Bug 54410 - one-true-awk not POSIX compliant (no extended REs)
Summary: one-true-awk not POSIX compliant (no extended REs)
Status: Open
Alias: None
Product: Base System
Classification: Unclassified
Component: standards (show other bugs)
Version: 5.1-CURRENT
Hardware: Any Any
: Normal Affects Only Me
Assignee: Warner Losh
URL:
Keywords:
Depends on:
Blocks:
 
Reported: 2003-07-12 11:40 UTC by Jens Schweikhardt
Modified: 2020-03-26 11:48 UTC (History)
5 users (show)

See Also:


Attachments

Note You need to log in before you can comment on or make changes to this bug.
Description Jens Schweikhardt 2003-07-12 11:40:09 UTC
	Our /usr/bin/awk understands only basic RE, not Extended RE, as
	required by IEEE Std 1003.1-2001:

References:

<quote std="IEEE Std 1003.1-2001" section=awk>
...
Regular Expressions

The awk utility shall make use of the extended regular expression
notation (see the Base Definitions volume of IEEE Std 1003.1-2001,
Section 9.4, Extended Regular Expressions)
</quote>

<quote std="IEEE Std 1003.1-2001" section=ere>
EREs Matching Multiple Characters
...
5. When an ERE matching a single character or an ERE enclosed in
parentheses is followed by an interval expression of the format "{m}" ,
"{m,}" , or "{m,n}" , together with that interval expression it shall
match what repeated consecutive occurrences of the ERE would match.

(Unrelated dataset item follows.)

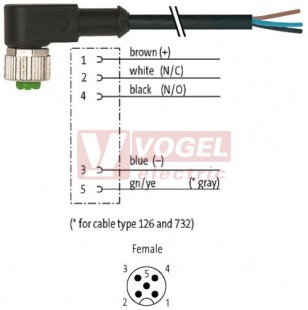 7000-12361-6250080 konektor M12/5-pin/zás/úhlový - kabel ČE PUR/PVC 5x0,34mm2 L=0,8m - volný konec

The
values of m and n are decimal integers in the range 0 <= m<= n<=
{RE_DUP_MAX}, where m specifies the exact or minimum number of
occurrences and n specifies the maximum number of occurrences. The
expression "{m}" matches exactly m occurrences of the preceding ERE,
"{m,}" matches at least m occurrences, and "{m,n}" matches any number of
occurrences between m and n, inclusive.
</quote>

Fix: 

It's probaly POLA violation to change the default RE style from
	BRE to ERE, but we should add a POSIX mode that uses BRE (e.g.
	gawk needs --posix to be compliant).
How-To-Repeat: 	echo e | /usr/bin/awk '/e{1}/'          # should print e, but prints nothing
Comment 1 Jens Schweikhardt 2004-10-13 20:51:12 UTC
Upon further investigation, awk appears only to be missing the {} ERE
operator in its variations. Other ERE operators like + and | work as
expected. I've sent a bug report to bwk asking if he wants to fix it or
would be happy with a patch.
Comment 2 Jens Schweikhardt 2004-10-13 20:57:29 UTC
Upon further investigation, awk appears only to be missing the {} ERE
operator in its variations. Other ERE operators like + and | work as
expected. I've sent a bug report to bwk asking if he wants to fix it or
would be happy with a patch.

Jens
Comment 3 Eitan Adler freebsd_committer freebsd_triage 2017-12-31 08:00:29 UTC
For bugs matching the following criteria:

Status: In Progress Changed: (is less than) 2014-06-01

Reset to default assignee and clear in-progress tags.

Mail being skipped
Comment 4 Martijn Dekker 2019-02-04 09:48:32 UTC
Apple's branch of onetrueawk has supported ERE bounds (a.k.a. interval/repetition expressions) since at least 2009, judging by the date stamp on their src/b.c in:
https://opensource.apple.com/tarballs/awk/awk-24.tar.gz

I reported this to NetBSD:
http://gnats.netbsd.org/53885

They swiftly integrated the ERE bounds code into their onetrueawk branch. The NetBSD diff can be seen at:
https://github.com/NetBSD/src/commit/f3e4c4ca1dfcdd939a2e33ebfe708f01e25b3bae

I hope FreeBSD will follow suit and add this required POSIX feature as well.
Comment 5 Warner Losh freebsd_committer 2019-02-04 17:30:51 UTC
I have a bunch of changes for awk in my queue, and I'll add this one as well.
Comment 6 Martijn Dekker 2019-03-23 12:58:15 UTC
FYI, the ERE bounds (a.k.a. interval/repetition expressions) code has now been merged upstream. See https://github.com/onetrueawk/awk
Comment 7 Marcin Cieślak 2020-03-26 11:48:45 UTC
Currently our manpage is wrong:

awk supports extended regular expressions (EREs).  
See re_format(7) for more information on regular expressions.  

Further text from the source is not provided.